Cornwall is tucked far away in the south west of England, and Penzance is in the far south west of Cornwall, almost as far as you can go without reaching Lands End and falling into the sea, and perhaps it’s something about the region’s remoteness, as well as its beauty, that inspired me to set the novel there. After all, England is dotted with beautiful country houses, including many in my home county of Sussex, lots of which could have been the model for Trepassen. But right from the moment I began the novel, I knew where Hal would end up.

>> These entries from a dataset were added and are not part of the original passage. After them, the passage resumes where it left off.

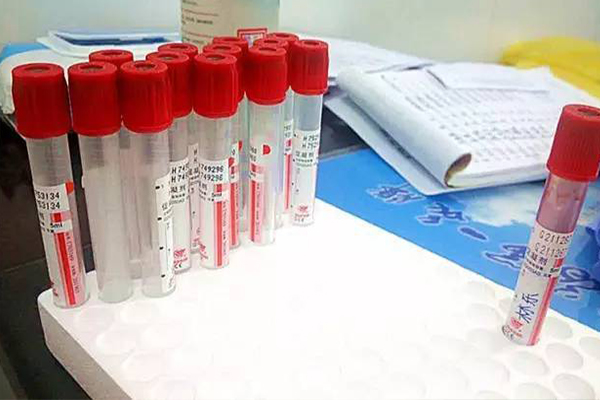 ecdf63a4fb79453a3265ea5a59e94113.jpg 性激素六项结果异常能促排卵吗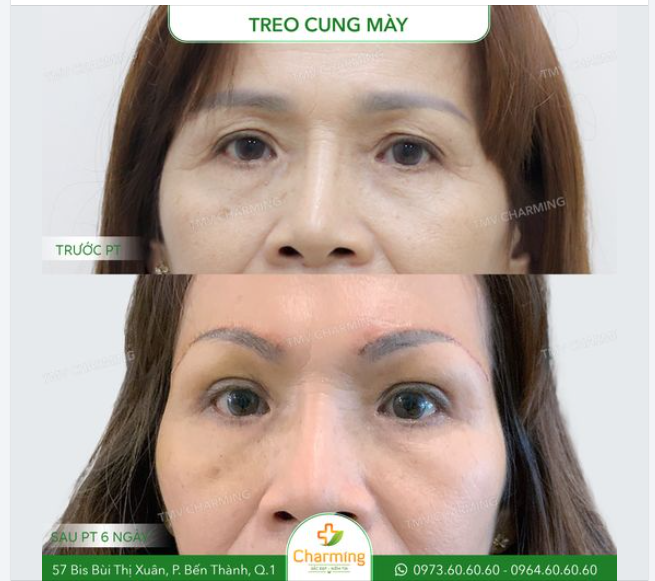 Nhìn hình ảnh trước và sau khi treo cung mày của cô khách hàng, có thể thấy rõ sự thay đổi đáng kể.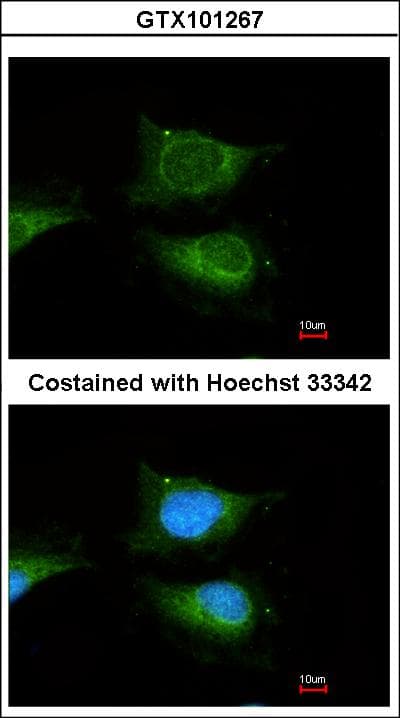 GBA / Glucosidase Beta Acid Antibody (aa352-536)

Perhaps the desire to return to Cornwall in my imagination had its roots in the number of childhood holidays I spent there, toes curled in hot sand, ice creams dripping onto sea-weedy rocks. Or perhaps the lure was the endless variety of the countryside, from the majestically jagged north coast, to the golden family beaches of the south, and the wild green beauty of the inland moors. Maybe it was something about the way that to English eyes, Cornwall appears familiar… yet a just little bit strange. It’s still England, after all, but there’s a foreign lilt to the place names, a ruggedness to the countryside, and the flag that flies from pubs and shops and houses is generally not the Union Jack, but the black and white Baner Peran.

NOVELS SET IN CORNWALL

Whatever the reason, Cornwall is a place I love to visit both in reality and in my imagination – and here are a few of the novels that really make the most of it as a setting.

Rebecca by Daphne Du Maurier

When talking about Cornish novels it feels just plain wrong not to start with the grande dame of them all. Daphne du Maurier set many of her novels in and around her real house, Menabilly, in Cornwall, including My Cousin Rachel and Frenchman’s Creek, and it’s hard to cross Bodmin Moor without thinking of her swashbuckling smuggling novel Jamaica Inn. Rebecca, however, is arguably the most famous, and the one that draws most closely on Menabilly as an inspiration for Manderley – the country house where the heroine of Rebecca finds herself, following marriage to the enigmatic Maxim de Winter.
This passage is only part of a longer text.